Читать книгу "Пианисты - Кетиль Бьернстад"
Шрифт:
Интервал:
Закладка:
— Ты каждое утро приезжала к нему в Желтую Виллу?
— Почти каждое. Во всяком случае, когда Дорте была на работе. Я до сих пор не могу думать о ней, да и не думаю, потому что в наших разговорах ему удавалось обойти свой брак стороной, надеюсь, ты понимаешь, что я хочу сказать. Он жил так, как хотел жить. Университет платил ему столько, что он мог сидеть дома и заниматься Караваджо. Но занимался он мною. И я была счастлива. Это были несколько блаженных месяцев. Он мне столько всего показал. Мы столько всего испытали вместе. Голову мы не теряли. Во всяком случае, я. Я всегда успевала опомниться, но была счастлива. Однако сила моего чувства пугала меня. Мою жизнь грозила залить только одна краска. Я теряла контроль над звуками, которые слышала, и над картинами, которые видела. Не чувствовала времени.

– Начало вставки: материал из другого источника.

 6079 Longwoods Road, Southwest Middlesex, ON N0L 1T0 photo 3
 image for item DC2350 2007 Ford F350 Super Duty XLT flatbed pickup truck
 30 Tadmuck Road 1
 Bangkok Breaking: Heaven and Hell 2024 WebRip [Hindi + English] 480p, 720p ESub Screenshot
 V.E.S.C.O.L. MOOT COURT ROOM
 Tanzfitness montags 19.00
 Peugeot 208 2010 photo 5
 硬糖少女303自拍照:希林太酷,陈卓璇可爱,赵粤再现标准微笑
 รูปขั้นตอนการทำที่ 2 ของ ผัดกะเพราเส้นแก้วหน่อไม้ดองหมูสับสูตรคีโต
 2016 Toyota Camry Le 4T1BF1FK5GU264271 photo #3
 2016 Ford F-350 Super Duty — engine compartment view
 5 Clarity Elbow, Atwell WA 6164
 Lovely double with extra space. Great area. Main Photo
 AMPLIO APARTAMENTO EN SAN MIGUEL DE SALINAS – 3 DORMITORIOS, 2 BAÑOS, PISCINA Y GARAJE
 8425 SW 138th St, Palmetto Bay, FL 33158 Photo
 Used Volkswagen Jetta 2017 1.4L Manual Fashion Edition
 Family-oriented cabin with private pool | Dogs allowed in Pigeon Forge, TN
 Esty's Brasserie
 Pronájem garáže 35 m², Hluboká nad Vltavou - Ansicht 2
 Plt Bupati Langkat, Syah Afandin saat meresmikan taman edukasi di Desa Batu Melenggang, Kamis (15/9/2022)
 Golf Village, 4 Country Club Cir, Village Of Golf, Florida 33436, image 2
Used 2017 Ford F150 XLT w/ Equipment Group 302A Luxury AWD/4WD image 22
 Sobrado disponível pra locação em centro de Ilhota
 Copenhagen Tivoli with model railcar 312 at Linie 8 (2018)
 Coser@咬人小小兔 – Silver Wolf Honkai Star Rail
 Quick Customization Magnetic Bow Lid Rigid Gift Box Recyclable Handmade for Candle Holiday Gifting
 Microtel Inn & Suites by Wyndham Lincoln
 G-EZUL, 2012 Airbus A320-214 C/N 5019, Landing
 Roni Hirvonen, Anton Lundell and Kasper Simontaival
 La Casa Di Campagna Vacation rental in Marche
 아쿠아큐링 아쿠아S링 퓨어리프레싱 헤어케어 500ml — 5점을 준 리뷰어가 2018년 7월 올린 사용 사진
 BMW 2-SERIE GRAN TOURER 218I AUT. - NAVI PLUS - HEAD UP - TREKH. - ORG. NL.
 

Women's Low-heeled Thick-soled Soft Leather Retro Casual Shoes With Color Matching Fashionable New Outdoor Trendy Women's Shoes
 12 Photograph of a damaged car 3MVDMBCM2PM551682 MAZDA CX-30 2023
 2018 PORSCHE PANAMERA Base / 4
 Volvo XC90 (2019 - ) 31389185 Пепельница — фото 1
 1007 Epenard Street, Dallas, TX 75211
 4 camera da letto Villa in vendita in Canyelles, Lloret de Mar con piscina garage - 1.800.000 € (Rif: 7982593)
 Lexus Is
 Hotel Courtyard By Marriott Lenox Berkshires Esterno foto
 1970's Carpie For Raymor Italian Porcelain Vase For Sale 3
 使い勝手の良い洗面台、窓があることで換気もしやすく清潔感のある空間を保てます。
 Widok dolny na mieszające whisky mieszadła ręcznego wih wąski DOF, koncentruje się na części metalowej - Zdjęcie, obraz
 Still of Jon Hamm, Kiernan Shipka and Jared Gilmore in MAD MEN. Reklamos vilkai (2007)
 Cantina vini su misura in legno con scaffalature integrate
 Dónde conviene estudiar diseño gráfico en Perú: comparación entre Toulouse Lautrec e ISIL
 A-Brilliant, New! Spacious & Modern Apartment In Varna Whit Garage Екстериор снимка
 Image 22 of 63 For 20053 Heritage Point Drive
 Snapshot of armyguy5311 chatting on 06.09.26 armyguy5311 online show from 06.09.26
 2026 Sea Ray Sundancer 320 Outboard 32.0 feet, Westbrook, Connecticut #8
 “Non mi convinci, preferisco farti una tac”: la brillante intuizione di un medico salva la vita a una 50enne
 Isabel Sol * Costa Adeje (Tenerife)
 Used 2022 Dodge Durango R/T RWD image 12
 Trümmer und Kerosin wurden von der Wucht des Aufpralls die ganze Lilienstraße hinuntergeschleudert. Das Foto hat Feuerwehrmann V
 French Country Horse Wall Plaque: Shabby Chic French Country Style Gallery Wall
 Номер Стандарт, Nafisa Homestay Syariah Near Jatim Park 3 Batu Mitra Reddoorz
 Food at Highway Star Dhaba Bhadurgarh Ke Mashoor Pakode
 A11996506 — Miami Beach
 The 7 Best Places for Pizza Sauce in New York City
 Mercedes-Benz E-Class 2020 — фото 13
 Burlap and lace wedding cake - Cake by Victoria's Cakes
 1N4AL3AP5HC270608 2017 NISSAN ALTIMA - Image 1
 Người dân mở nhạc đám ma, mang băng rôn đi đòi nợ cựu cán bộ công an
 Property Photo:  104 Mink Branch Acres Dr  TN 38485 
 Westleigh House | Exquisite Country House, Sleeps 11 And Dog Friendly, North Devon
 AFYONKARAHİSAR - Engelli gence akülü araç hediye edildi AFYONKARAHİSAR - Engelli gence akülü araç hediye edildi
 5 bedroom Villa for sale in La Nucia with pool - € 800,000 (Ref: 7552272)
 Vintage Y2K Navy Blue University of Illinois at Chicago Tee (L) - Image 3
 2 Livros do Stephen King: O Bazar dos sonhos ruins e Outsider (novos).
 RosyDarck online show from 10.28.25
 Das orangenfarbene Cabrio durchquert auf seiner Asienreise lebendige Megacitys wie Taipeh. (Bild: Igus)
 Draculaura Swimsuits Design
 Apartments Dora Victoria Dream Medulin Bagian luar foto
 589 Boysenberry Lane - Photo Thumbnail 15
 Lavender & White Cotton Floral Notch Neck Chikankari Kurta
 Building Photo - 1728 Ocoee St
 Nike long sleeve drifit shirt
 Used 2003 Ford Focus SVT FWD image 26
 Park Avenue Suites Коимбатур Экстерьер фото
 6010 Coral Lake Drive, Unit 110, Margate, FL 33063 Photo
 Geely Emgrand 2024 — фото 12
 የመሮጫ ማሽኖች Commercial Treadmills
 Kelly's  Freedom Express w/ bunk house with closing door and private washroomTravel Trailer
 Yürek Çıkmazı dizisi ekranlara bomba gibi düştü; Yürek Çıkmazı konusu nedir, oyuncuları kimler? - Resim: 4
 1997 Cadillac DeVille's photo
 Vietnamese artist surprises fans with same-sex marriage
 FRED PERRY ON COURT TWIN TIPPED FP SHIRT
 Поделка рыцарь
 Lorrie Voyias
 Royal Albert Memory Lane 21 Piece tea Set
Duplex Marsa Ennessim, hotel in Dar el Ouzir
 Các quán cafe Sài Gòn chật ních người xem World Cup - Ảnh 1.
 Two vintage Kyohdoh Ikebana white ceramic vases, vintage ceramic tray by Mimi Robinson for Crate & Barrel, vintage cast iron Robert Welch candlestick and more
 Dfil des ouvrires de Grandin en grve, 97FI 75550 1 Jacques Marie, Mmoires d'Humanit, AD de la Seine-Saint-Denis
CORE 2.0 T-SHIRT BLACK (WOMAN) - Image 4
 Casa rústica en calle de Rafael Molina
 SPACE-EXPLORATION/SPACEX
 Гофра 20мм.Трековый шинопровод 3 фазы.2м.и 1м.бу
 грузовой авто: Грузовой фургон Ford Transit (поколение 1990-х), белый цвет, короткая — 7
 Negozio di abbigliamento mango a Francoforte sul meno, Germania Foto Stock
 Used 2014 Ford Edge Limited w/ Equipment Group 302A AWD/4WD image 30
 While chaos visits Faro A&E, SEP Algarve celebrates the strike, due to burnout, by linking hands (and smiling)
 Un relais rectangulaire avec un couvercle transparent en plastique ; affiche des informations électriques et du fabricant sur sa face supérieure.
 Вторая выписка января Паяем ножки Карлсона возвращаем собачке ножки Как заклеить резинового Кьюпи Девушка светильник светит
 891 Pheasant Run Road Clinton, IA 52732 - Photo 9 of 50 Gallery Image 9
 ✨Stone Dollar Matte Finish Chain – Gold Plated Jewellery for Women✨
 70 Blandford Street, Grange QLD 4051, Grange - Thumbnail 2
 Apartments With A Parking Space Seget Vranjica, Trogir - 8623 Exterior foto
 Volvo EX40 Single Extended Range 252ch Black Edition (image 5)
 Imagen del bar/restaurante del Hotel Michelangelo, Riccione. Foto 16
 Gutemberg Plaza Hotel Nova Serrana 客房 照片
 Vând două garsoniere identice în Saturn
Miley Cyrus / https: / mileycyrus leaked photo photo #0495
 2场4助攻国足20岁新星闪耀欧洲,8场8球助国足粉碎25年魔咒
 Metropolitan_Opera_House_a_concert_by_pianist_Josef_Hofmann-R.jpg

Он манил меня планами, книгой, которую собирался написать вместе со мной, — Историю искусств для юношества. Сначала он был недоволен, что я отказалась сдавать выпускной экзамен. Потом понял, что сможет использовать это против меня, все-таки он был глупый интеллектуал. Он обожал такие выражения, как «эпохальный разум», «доказуемый контекст» и «смена парадигм». Но этого избалованного чудака можно было любить. Это было как раз в то время, когда ты меня выследил. Бедный мой братик! Ведь я знала, что ты едешь в том же трамвае. И что ты сел на него на Экравейен, а потом пересел на другую линию в Сместаде, тогда как я пересела на Сёрбюхауген. Я не думала, что ты успеешь там пересесть. А когда поняла, что тебе это удалось, про себя посмеялась. Мне было смешно, что я сижу в трамвае как раз перед тобой. Ты прятался за спинками сидений, а твоя туалетная вода торжественно благоухала на весь вагон. Я вышла на Беккестюа, даже не взглянув в твою сторону, ибо знала, что ты тут, и мне даже нравилось, что ты, наконец-то, проявил ко мне внимание, что думаешь не только о своей музыке, хотя казалось, будто ничего, кроме нее, для тебя не существует.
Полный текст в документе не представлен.